::: Supplied entries

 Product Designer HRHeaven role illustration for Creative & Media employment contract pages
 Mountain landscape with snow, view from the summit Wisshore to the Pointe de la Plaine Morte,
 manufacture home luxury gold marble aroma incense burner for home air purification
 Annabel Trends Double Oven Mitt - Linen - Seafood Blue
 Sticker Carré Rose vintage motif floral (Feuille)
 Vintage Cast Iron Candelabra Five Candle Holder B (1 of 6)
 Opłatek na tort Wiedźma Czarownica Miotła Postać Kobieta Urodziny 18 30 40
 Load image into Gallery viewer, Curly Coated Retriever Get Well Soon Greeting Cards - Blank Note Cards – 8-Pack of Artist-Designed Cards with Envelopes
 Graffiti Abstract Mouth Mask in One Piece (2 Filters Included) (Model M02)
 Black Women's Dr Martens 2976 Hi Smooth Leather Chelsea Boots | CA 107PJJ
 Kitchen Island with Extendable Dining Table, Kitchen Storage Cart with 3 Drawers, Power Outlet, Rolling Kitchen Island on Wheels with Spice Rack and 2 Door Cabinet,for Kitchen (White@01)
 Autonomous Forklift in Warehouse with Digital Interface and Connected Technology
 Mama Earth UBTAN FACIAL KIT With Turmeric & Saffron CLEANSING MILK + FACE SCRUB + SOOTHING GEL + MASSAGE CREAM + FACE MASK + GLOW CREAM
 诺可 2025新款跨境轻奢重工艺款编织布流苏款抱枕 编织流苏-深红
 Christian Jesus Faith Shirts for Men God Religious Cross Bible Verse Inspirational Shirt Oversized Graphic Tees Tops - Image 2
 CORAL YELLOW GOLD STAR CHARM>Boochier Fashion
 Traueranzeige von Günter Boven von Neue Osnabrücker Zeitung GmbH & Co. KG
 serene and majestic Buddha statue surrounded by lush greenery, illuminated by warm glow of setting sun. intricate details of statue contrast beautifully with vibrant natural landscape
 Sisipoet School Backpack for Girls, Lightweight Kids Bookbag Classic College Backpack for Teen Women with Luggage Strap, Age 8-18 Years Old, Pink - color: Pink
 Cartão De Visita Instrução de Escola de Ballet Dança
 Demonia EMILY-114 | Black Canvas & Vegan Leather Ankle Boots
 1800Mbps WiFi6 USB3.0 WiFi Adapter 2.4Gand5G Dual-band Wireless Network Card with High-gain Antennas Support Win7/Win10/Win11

::::::

> [Task objective]
Write out every entry again, keeping each line exactly the same.

> [Answer space]
 Product Designer HRHeaven role illustration for Creative & Media employment contract pages
 Mountain landscape with snow, view from the summit Wisshore to the Pointe de la Plaine Morte,
 manufacture home luxury gold marble aroma incense burner for home air purification
 Annabel Trends Double Oven Mitt - Linen - Seafood Blue
 Sticker Carré Rose vintage motif floral (Feuille)
 Vintage Cast Iron Candelabra Five Candle Holder B (1 of 6)
 Opłatek na tort Wiedźma Czarownica Miotła Postać Kobieta Urodziny 18 30 40
 Load image into Gallery viewer, Curly Coated Retriever Get Well Soon Greeting Cards - Blank Note Cards – 8-Pack of Artist-Designed Cards with Envelopes
 Graffiti Abstract Mouth Mask in One Piece (2 Filters Included) (Model M02)
 Black Women's Dr Martens 2976 Hi Smooth Leather Chelsea Boots | CA 107PJJ
 Kitchen Island with Extendable Dining Table, Kitchen Storage Cart with 3 Drawers, Power Outlet, Rolling Kitchen Island on Wheels with Spice Rack and 2 Door Cabinet,for Kitchen (White@01)
 Autonomous Forklift in Warehouse with Digital Interface and Connected Technology
 Mama Earth UBTAN FACIAL KIT With Turmeric & Saffron CLEANSING MILK + FACE SCRUB + SOOTHING GEL + MASSAGE CREAM + FACE MASK + GLOW CREAM
 诺可 2025新款跨境轻奢重工艺款编织布流苏款抱枕 编织流苏-深红
 Christian Jesus Faith Shirts for Men God Religious Cross Bible Verse Inspirational Shirt Oversized Graphic Tees Tops - Image 2
 CORAL YELLOW GOLD STAR CHARM>Boochier Fashion
 Traueranzeige von Günter Boven von Neue Osnabrücker Zeitung GmbH & Co. KG
 serene and majestic Buddha statue surrounded by lush greenery, illuminated by warm glow of setting sun. intricate details of statue contrast beautifully with vibrant natural landscape
 Sisipoet School Backpack for Girls, Lightweight Kids Bookbag Classic College Backpack for Teen Women with Luggage Strap, Age 8-18 Years Old, Pink - color: Pink
 Cartão De Visita Instrução de Escola de Ballet Dança
 Demonia EMILY-114 | Black Canvas & Vegan Leather Ankle Boots
 1800Mbps WiFi6 USB3.0 WiFi Adapter 2.4Gand5G Dual-band Wireless Network Card with High-gain Antennas Support Win7/Win10/Win11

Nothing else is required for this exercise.